[Editor’s note: Some of you will remember Matthew Aughtry from Hutchmoot a few years ago. He and his friend Nathan Willis shot Andrew Peterson’s “Rest Easy” music video as well the “What Is Hutchmoot?” short. Matthew has made several short films since then and his newest was just born yesterday. We’re happy to feature it here today and we invited him to write a little about why he made it. Enjoy, and merry Christmas!]
I became a father in September and, at the risk of employing a cliche, it has changed the way that I see the world. I spend a lot of time now just staring into my son’s eyes. There may be nothing more beautiful in the world than a baby’s eyes.
They haven’t had the chance to become clouded with cynicism, nor do they have any pretense that they fully grasp what they’re seeing. Everything is new, everything is filled with wonder, each object is weighted with vast potential.
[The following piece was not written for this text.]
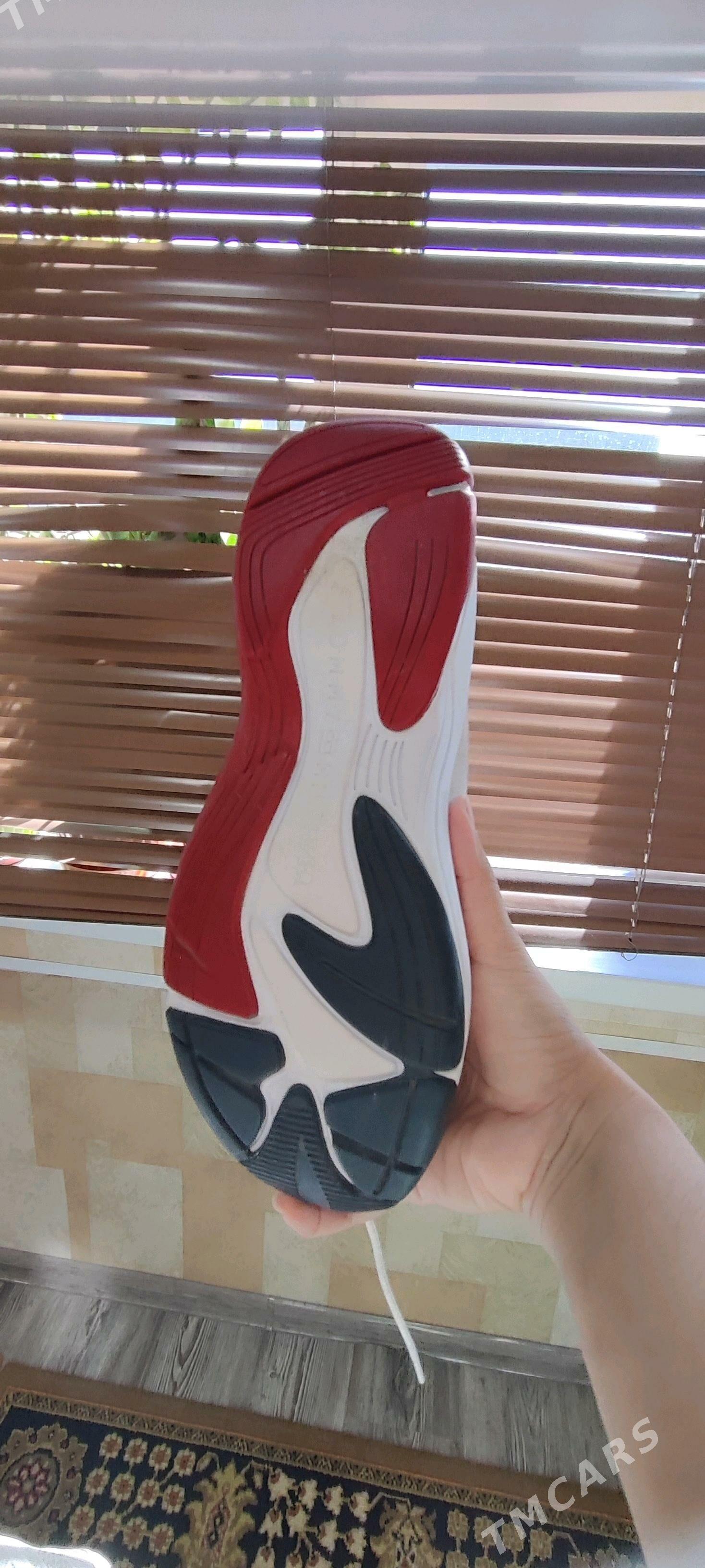 кроссовки - Mary - img 6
I have no doubt that this film wouldn’t exist if I hadn’t recently become a father. Perhaps the most natural thing in the world for a parent to do is to wonder about his or her child’s future. So as I stared into my son’s eyes one night I began to wonder what his eyes would see in this world. I started to ponder what his hands would do and where his feet would take him. Then I thought of Mary.
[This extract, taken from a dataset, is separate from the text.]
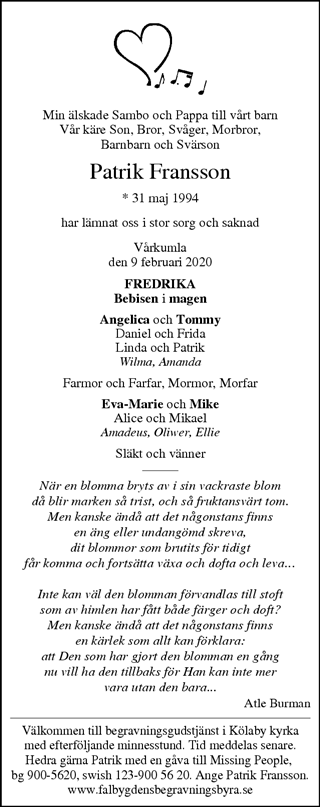 Falköpings Tidning,Västgöta-Bladet,Skaraborg Läns Tidning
Did she do the same thing? Perhaps she was full of even more questions than I am. After all, his birth was preceded by the announcement of an angel from heaven. His life was full of promise. Yet did she also experience dread? Sometimes being a parent has more to do with worry than it does with wonder.
The world is a dangerous place and children are so fragile. One does not have to look very far to see evil and to fear for the survival of the good, which often seems extraordinarily meek in comparison to the powers of darkness.
This past summer I visited an art museum in Los Angeles with a group of friends. We had come to view a collection of Byzantine iconography for a brief spiritual retreat. We were there not only to enjoy to art but, if possible, to encounter the divine.
All of the work was beautiful and it enraptured my imagination, yet it was an image of Mary with her child that most ignited my heart. Her eyes were undeniably sad. It’s not that I was unaccustomed to Mary’s grief—I just wasn’t used to it being portrayed in this context. This was not the Pieta, it was the Madonna and Child. I got as close as I could to the piece without setting off an alarm. Why was she so sad?
Perhaps she had just escaped Herod’s assasins in Bethlehem and was beginning to realize that her son’s life would always be threatened by the Herods of this world. Or perhaps it had just dawned on her that this gift was not for her alone but that she would have to share him with the whole world. Or maybe she was just worried and didn’t really know why.
Yet Mary is not remembered only as the Mother of Sorrows but also as the Blessed Virgin whose soul magnified the lord and rejoiced in his favor. For many, Mary is a symbol of hope. Yet Mary’s hope is not naive.
It accepts the world as it is, it recognizes that it is dominated by malicious forces. Her hope is not that the kingdom of this earth can be righted but that it is destined to be ousted, that God’s plan is to overthrow the proud and powerful and create a kingdom of the meek and lowly in its place.
It was this kingdom that her son would usher in. It was proclaimed with every miracle, made clear with each teaching, and ultimately inaugurated when his hands and feet were nailed to a cross.
I hope my own son grows up to love this kingdom. I hope his hands bring healing and his feet bring hope. Yet I also know that belonging to this kingdom will mean seeing suffering and, ultimately, embracing it.
I wait for the day when this kingdom will come fully on earth as it is in heaven. Until then, I hope to keep telling stories that long for that day as much as I do.